Start of WORKING DATA

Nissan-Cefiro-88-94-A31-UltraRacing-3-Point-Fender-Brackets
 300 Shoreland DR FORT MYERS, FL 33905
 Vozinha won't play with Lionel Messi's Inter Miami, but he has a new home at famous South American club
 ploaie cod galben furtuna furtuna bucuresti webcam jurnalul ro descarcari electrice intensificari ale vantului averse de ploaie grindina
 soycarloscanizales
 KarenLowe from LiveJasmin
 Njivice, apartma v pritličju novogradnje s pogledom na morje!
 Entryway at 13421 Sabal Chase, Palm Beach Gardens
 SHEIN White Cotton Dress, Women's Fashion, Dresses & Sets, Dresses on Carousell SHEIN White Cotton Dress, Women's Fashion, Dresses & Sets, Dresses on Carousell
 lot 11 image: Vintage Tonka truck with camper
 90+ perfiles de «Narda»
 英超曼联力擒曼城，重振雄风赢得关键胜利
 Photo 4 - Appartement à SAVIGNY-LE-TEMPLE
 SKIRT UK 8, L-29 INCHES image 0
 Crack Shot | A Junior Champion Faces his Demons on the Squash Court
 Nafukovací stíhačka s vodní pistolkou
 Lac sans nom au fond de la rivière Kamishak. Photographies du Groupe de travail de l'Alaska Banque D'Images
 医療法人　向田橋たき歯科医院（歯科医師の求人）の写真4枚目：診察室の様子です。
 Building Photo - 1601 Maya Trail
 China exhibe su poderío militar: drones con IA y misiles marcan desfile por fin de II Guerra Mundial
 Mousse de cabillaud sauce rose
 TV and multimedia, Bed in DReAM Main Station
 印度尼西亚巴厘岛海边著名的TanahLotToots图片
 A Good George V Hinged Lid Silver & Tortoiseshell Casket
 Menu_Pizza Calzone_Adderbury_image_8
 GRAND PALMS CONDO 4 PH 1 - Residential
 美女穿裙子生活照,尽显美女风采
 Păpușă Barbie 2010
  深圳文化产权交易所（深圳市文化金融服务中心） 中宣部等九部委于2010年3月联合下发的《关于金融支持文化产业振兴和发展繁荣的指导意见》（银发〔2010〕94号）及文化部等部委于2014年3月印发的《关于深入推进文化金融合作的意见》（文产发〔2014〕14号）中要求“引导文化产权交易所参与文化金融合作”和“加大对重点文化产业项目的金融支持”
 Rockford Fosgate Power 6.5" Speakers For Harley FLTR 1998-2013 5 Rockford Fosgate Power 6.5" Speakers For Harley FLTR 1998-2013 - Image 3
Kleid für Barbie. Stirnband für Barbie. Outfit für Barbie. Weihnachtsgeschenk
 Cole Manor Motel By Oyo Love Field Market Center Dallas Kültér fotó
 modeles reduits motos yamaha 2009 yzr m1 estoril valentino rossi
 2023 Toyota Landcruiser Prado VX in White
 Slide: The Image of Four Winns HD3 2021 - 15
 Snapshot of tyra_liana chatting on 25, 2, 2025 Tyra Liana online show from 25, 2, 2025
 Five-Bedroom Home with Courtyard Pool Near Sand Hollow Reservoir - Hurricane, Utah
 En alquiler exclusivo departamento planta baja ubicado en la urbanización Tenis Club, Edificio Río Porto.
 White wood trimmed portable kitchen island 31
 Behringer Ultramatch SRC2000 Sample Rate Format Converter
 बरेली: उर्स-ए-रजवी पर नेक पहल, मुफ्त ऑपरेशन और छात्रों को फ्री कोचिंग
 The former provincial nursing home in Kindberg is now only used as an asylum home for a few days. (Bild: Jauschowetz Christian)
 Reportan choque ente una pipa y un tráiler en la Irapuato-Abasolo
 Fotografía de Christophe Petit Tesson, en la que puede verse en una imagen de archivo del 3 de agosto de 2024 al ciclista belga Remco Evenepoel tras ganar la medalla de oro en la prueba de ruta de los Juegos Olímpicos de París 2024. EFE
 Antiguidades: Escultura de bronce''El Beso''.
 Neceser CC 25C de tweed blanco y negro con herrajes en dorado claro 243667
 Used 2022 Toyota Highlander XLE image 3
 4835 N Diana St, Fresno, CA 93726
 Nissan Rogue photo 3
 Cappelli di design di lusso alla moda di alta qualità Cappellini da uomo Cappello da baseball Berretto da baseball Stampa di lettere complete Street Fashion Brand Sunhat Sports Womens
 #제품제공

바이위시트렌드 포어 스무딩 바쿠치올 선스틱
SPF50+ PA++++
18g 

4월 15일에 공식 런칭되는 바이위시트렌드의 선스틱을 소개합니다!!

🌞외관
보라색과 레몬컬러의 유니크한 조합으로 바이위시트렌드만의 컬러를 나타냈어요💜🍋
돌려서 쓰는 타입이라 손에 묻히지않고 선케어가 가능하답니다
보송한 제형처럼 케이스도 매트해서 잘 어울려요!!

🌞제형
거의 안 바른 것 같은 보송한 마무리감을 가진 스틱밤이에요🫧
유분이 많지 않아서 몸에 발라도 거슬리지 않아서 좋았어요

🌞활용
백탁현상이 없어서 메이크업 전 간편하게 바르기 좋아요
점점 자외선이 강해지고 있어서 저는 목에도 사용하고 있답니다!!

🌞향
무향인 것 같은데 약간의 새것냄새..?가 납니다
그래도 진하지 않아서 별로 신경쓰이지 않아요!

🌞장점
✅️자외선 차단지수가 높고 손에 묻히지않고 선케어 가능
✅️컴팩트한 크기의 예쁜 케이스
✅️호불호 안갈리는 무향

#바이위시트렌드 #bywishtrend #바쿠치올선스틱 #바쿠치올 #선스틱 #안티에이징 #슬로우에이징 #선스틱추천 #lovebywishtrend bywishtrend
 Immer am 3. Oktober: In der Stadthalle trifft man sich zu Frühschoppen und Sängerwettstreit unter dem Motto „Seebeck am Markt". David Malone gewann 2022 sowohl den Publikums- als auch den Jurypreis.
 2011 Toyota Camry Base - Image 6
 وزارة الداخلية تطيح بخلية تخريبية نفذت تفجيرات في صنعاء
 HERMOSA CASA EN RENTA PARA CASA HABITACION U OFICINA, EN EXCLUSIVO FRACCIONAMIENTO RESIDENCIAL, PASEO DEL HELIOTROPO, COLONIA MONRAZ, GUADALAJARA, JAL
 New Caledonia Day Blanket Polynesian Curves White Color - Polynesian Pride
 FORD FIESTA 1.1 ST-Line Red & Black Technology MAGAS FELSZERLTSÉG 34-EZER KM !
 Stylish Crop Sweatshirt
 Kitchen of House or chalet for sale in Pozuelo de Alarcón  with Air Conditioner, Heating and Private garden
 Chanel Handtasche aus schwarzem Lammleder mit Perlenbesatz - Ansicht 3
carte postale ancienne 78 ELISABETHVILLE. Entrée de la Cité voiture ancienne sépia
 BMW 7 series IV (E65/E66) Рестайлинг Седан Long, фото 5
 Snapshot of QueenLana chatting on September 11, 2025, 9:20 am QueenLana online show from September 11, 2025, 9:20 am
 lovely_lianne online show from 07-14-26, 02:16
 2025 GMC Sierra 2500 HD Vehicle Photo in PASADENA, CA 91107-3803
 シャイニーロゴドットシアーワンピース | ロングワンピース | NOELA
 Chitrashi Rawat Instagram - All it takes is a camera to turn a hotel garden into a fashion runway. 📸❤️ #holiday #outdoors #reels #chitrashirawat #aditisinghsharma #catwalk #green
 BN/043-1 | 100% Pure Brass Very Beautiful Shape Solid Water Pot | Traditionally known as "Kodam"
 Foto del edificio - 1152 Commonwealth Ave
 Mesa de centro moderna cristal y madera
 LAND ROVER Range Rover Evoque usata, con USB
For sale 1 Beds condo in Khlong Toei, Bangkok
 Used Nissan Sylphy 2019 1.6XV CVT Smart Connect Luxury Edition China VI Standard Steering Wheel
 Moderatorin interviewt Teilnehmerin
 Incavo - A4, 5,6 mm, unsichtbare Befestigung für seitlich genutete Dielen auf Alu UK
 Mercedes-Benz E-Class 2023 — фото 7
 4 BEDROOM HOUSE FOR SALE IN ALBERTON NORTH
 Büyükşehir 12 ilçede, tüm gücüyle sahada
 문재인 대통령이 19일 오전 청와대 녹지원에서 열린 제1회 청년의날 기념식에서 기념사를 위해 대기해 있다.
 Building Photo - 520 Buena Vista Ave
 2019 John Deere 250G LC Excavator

End of WORKING DATA

Above are the entries. Copy exactly the part that opens with the line containing "보송한 제형처럼 케이스도 매트해서 잘 어울려요!!" and closes with the line containing "وزارة الداخلية تطيح", and no more.

> FINISHED TASK:
보송한 제형처럼 케이스도 매트해서 잘 어울려요!!

🌞제형
거의 안 바른 것 같은 보송한 마무리감을 가진 스틱밤이에요🫧
유분이 많지 않아서 몸에 발라도 거슬리지 않아서 좋았어요

🌞활용
백탁현상이 없어서 메이크업 전 간편하게 바르기 좋아요
점점 자외선이 강해지고 있어서 저는 목에도 사용하고 있답니다!!

🌞향
무향인 것 같은데 약간의 새것냄새..?가 납니다
그래도 진하지 않아서 별로 신경쓰이지 않아요!

🌞장점
✅️자외선 차단지수가 높고 손에 묻히지않고 선케어 가능
✅️컴팩트한 크기의 예쁜 케이스
✅️호불호 안갈리는 무향

#바이위시트렌드 #bywishtrend #바쿠치올선스틱 #바쿠치올 #선스틱 #안티에이징 #슬로우에이징 #선스틱추천 #lovebywishtrend bywishtrend
 Immer am 3. Oktober: In der Stadthalle trifft man sich zu Frühschoppen und Sängerwettstreit unter dem Motto „Seebeck am Markt". David Malone gewann 2022 sowohl den Publikums- als auch den Jurypreis.
 2011 Toyota Camry Base - Image 6
 وزارة الداخلية تطيح بخلية تخريبية نفذت تفجيرات في صنعاء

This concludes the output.